EXERCISE DIRECTIONS >>
What is needed is an exact copy of the lines from the one containing "710590-003 - HP" through the last line of the records below, with no pictures.

INPUT >>
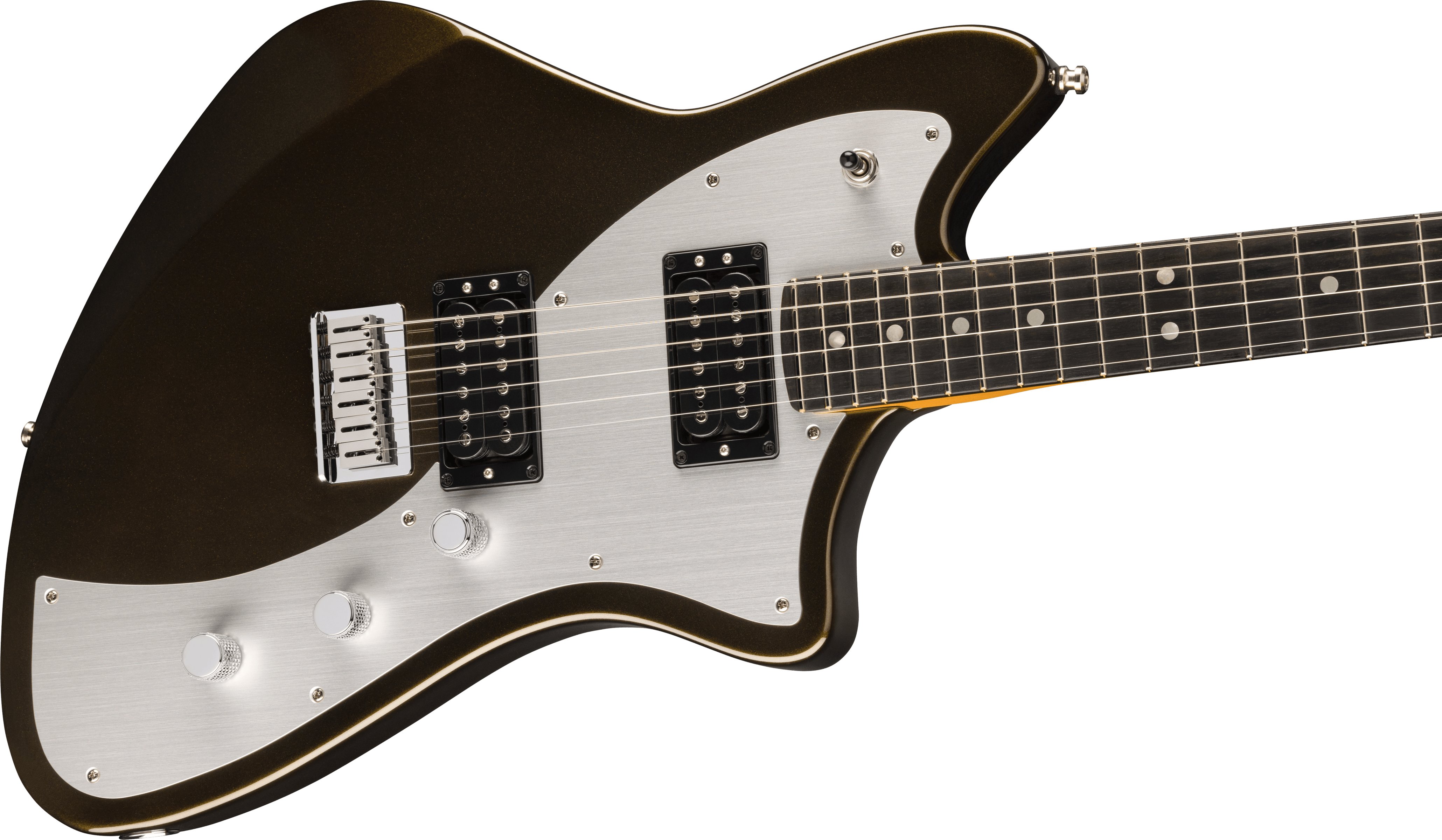 Fender American Ultra II Meteora Ebony Fingerboard in Texas Tea - 0119181790_fen_ins_cbr_1_nr.jpg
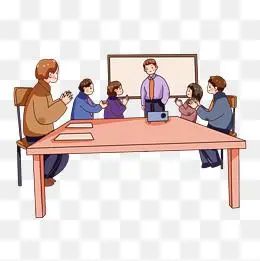 嵌入式软件开发学习心得,嵌入式风险管控学习心得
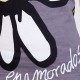 Camiseta ENAMORADOS IMPACIENTES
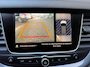 Opel Grandland X 1.2 Turbo Business Elegance , navi, apple carplay, PDC, etc.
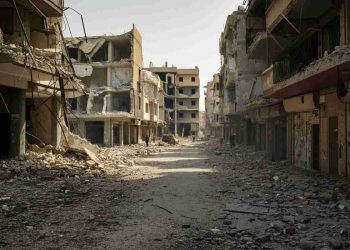 Israele rompe il cessate il fuoco: la situazione a Gaza si aggrava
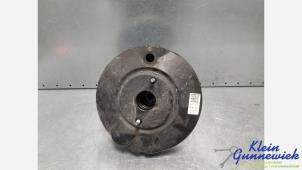 Gebruikte Rembekrachtiger Volkswagen Golf Prijs € 145,00 Margeregeling aangeboden door Klein Gunnewiek Autodemontage & Motorentechniek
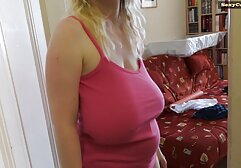 Rất tốt, phim sec nhat ba chồng trước của các webcam, trong video.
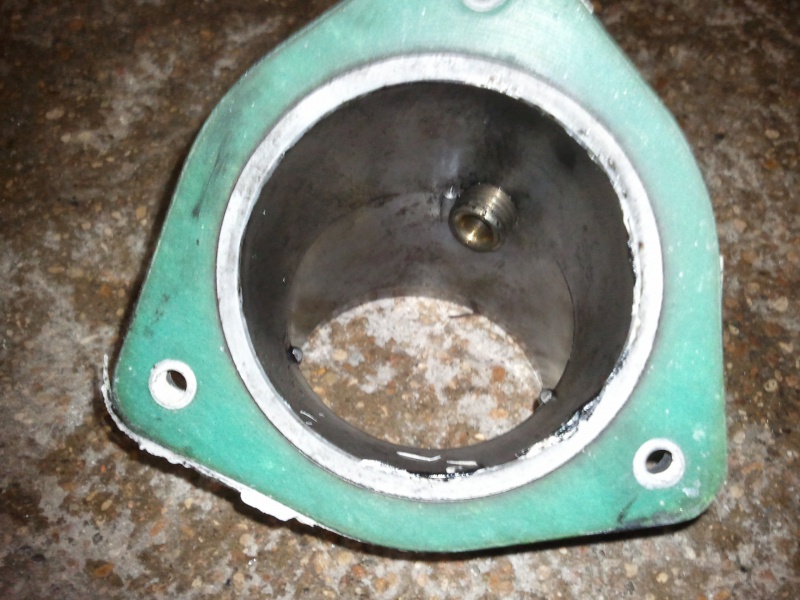 795308Photo3226.jpg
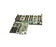 710590-003 - HP System Board Motherboard for ProLiant DL360P Gen8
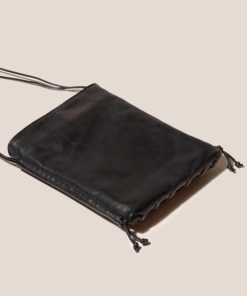 Vectormode.shopbdde7d1215 4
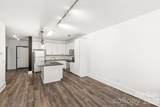 1600 Fulton Avenue - Photo 14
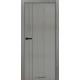 Межкомнатные Двери Syndicate Doors SD-PVC-475 ПВХ плёнка
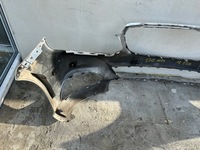 фото thumb №7, Бампер mercedes e класс w212 a212 рестайлинг перед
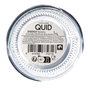 Botella Vidrio Energy Quid 1 L
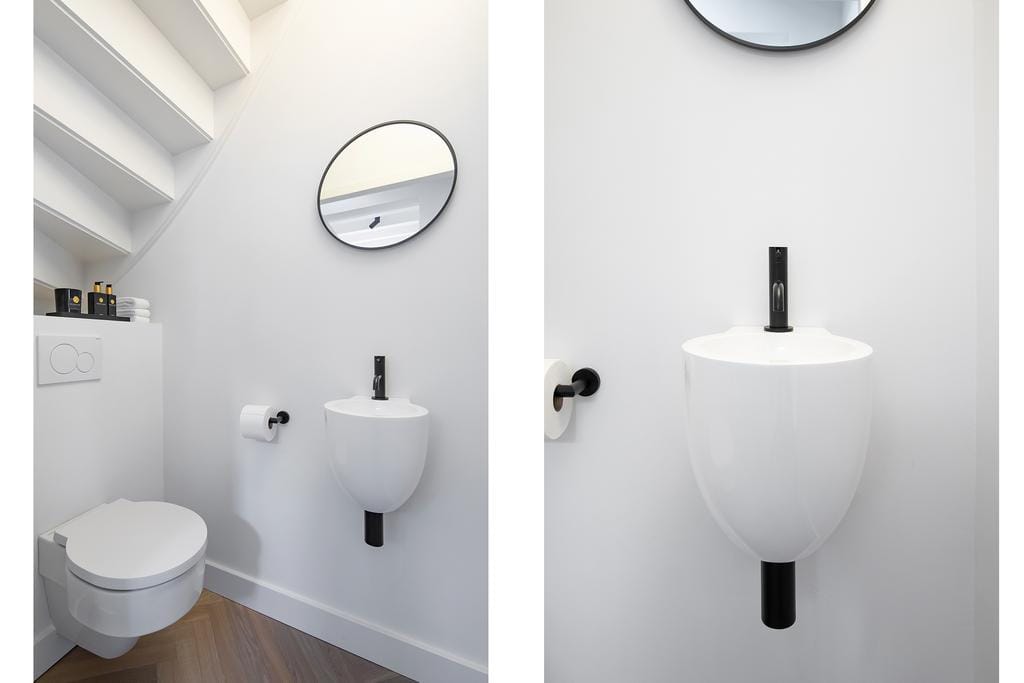 Foto 22 van Kerkplein 24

SOLUTION FOR THIS PROBLEM >>
 710590-003 - HP System Board Motherboard for ProLiant DL360P Gen8
 Vectormode.shopbdde7d1215 4
 1600 Fulton Avenue - Photo 14
 Межкомнатные Двери Syndicate Doors SD-PVC-475 ПВХ плёнка
 фото thumb №7, Бампер mercedes e класс w212 a212 рестайлинг перед
 Botella Vidrio Energy Quid 1 L
 Foto 22 van Kerkplein 24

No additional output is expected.